Интерес к какой-либо стране, особенно – интерес массовый и устойчивый, не может возникнуть и сохраняться долгие десятилетия и даже столетия без особых на то причин. В мире до сих пор существует достаточно мест, стран и целых регионов, о которых в российском массовом сознании не формируется практически никаких представлений, или эти представления носят ситуационно инспирированный характер. Например, тот факт, что Великобритания до сих пор владеет территориями за пределами Британских островов, стало предметом осознания части россиян только в момент освещения Фолклендского вооруженного конфликта. В то же время есть отдельные города и страны, которые оказываются некими константами российских национальных представлений о мире, культуре, разнообразии человеческого бытия. Одной из таких констант российского сознания является Испания.

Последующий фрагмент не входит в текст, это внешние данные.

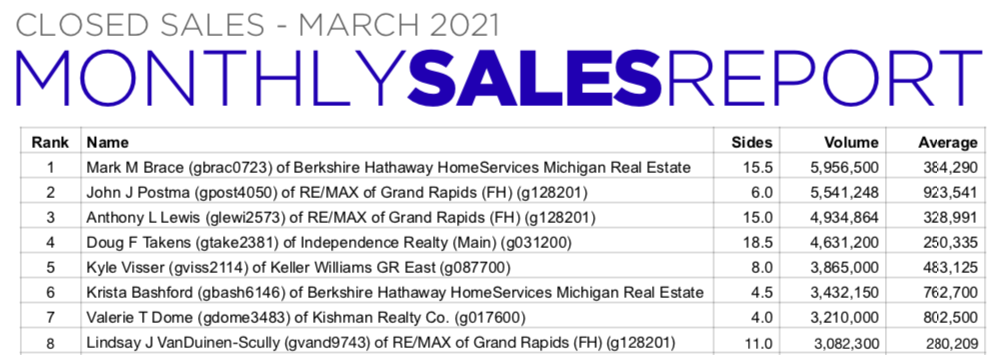 Top 100 Real Estate Agents in Grand Rapids - March 2021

Как появились первые представления о том, что на Пиренейском полуострове есть большая страна, с которой важно установить контакт, доподлинно не известно до сих пор. Посольство  1523 года во главе с Яковом  Полушкиным, несомненно, имело некую предысторию, о которой пока нет четких сведений. Тем не менее, именно геополитические намерения монархов обеих стран были, судя по всему, основой инициатив построения каких бы то ни было отношений, о чем ясно показал А.И. Клибанов. Однако, политические и даже (до поры) экономические связи не являются основой включения тех или иных явлений в структуру массового сознания. Образ конкретной страны относится к феноменам социального восприятия, которые, согласно концепции Дж. Брунера, носят характер особой селективности, зависящей от установок и ценностей, уже в этом сознании имеющихся. Следовательно, должна быть некоторая предуготованность, направленность массового сознания, его особое состояние для того, чтобы образ конкретной страны нашел в нем свое место.

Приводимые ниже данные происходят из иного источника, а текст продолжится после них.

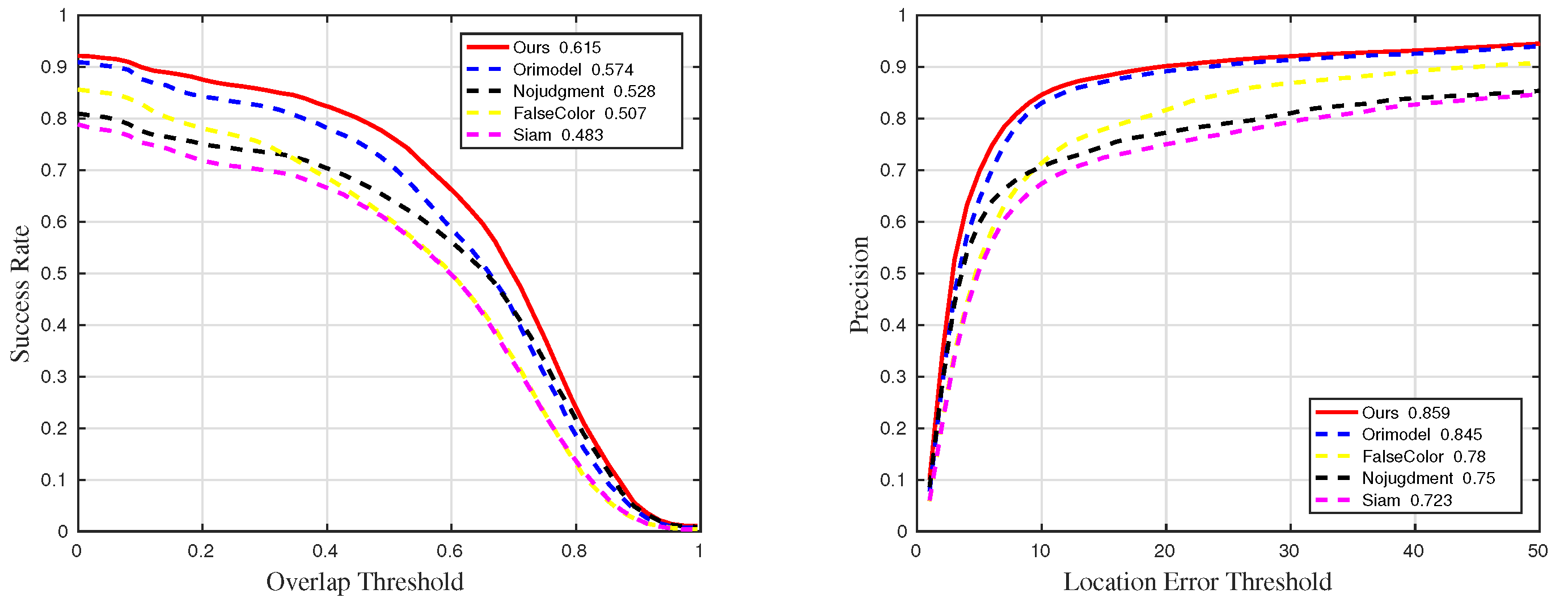 Remotesensing 15 01579 g023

Всякий раз, как только образ Испании актуализируется в русском (и в более широком – российском) сознании, вне зависимости от пространства его локализации (сознание политической или культурной элиты, сознание образованных людей, массовое сознание), этот образ несет в себе общие ценностные черты.  Испанская феноменология переживается российским сознанием в соответствии с его (и только его, этого сознания) специфическими особенностями. К ним, прежде всего, относятся антропоцентризм (осознание бытия через определение места человека в нем), свободомыслие, чувственность и воля. Именно эквиваленты этих базовых ценностей ищет русское сознание в сведениях об Испании и строит образ далекой и малоизвестной страны с опорой на подтвержденные факты в зоне этих ценностей. Также российское сознание невероятно антиномично, строится на противоречиях и противопоставлениях, амбивалентно, так как включает в себя противоположные и равносильные свойства одних и тех же явлений, то, что Д.С. Лихачев назвал противоположными чертами в «едином регистре». Аффективная насыщенность русского национального сознания приводит к тому, что в нем закрепляются и развиваются только те образы и модели, которые отражают актуальные массовые переживания самих россиян. Образ Испании оказался столь значимым для русских людей, потому что он являет собой важную для российского сознания метафору несбыточной мечты, сладкого сна, в котором экзистенциальные проблемы разрешаются в недостижимой для самого мечтателя манере, но при этом с тем результатом, который наиболее для него желателен.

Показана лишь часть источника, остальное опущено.